I stood there stunned, while Ashley, my arch nemesis (yes, you can have those in third grade), ran to tell the teacher that I had kissed a boy. The boy and myself spent all recess sitting on a bench in the middle of the playground.  It was our punishment for ‘kissing’ even though I had informed her that this was not my fault.

I was so mad.

Innocent playground kisses aside, let’s take a minute to talk about kissing and the questions young women ask me about whether or not they should kiss before marriage.

It is important to understand here, that we are talking about things I label as boundaries and guidelines.  There is a difference between the two.  A boundary is a line that you will not cross.  A guideline helps direct you away from crossing that boundary.

The important thing to note is that guidelines can be different for different people.

As Christians, we can be really bad about taking what are actually guidelines and making them into boundaries for everyone.  For ourselves, that is fine.  A girl may decide that she does not want to kiss before marriage- that can become a boundary for her.  It does not mean it has to be a boundary for everyone else. 

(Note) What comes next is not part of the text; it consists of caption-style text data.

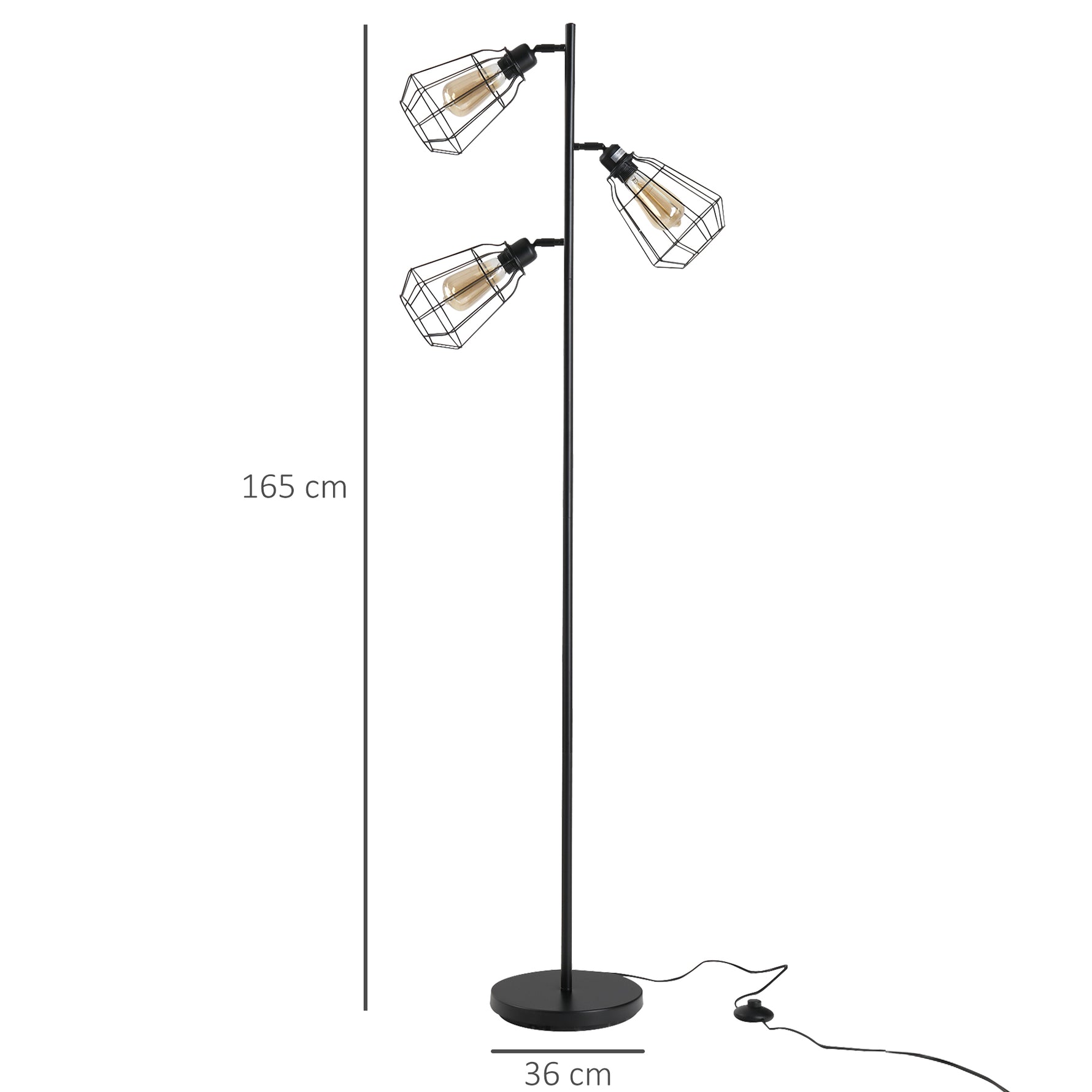 Lampadaire design industriel 3 ampoules max. 40 W abat-jour cage métal noir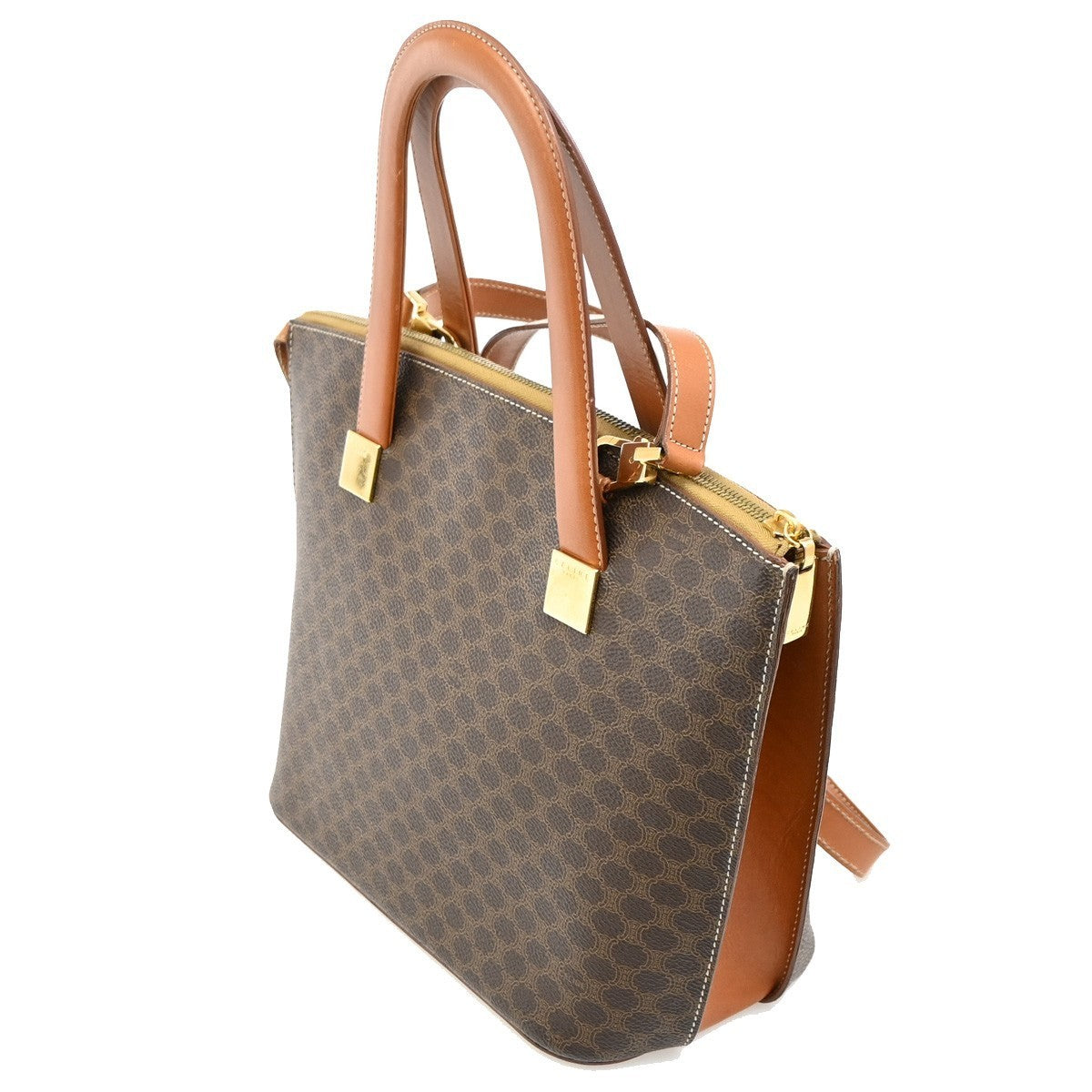 CELINE Logo Macadam Pattern 2Way Hand Bag PVC Leather Brown GHW Italy 64KC026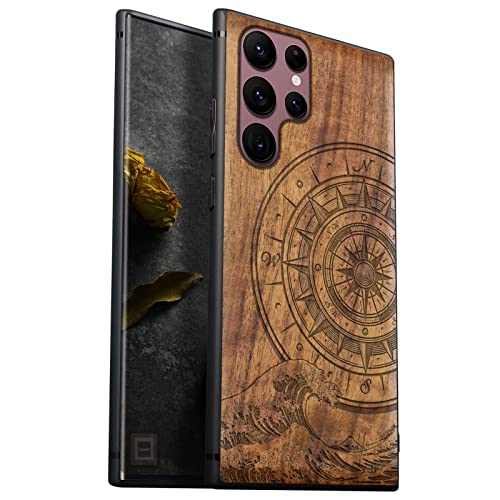 Carveit Funda con Compatible Galaxy S22 Ultra Accesorios Carcasa [Única Madera y Silicona Híbrido Carcasa] Absorción de Impacto para Samsung S22 Ultra Carcasa estético (Nogal-brújula Grandes) Cover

About a year ago, I wrote about a hike I with a group of men from my church.  I was the only woman with a group of 6 men, hiking a popular trail on a beautiful Fall day.  I wrote about that here and, would you believe, people were mad.  People I don’t even know were telling me I was wrong to go hiking with a bunch of guys.  Wrong because people could get the wrong impression and I was not ‘avoiding all appearance of evil.’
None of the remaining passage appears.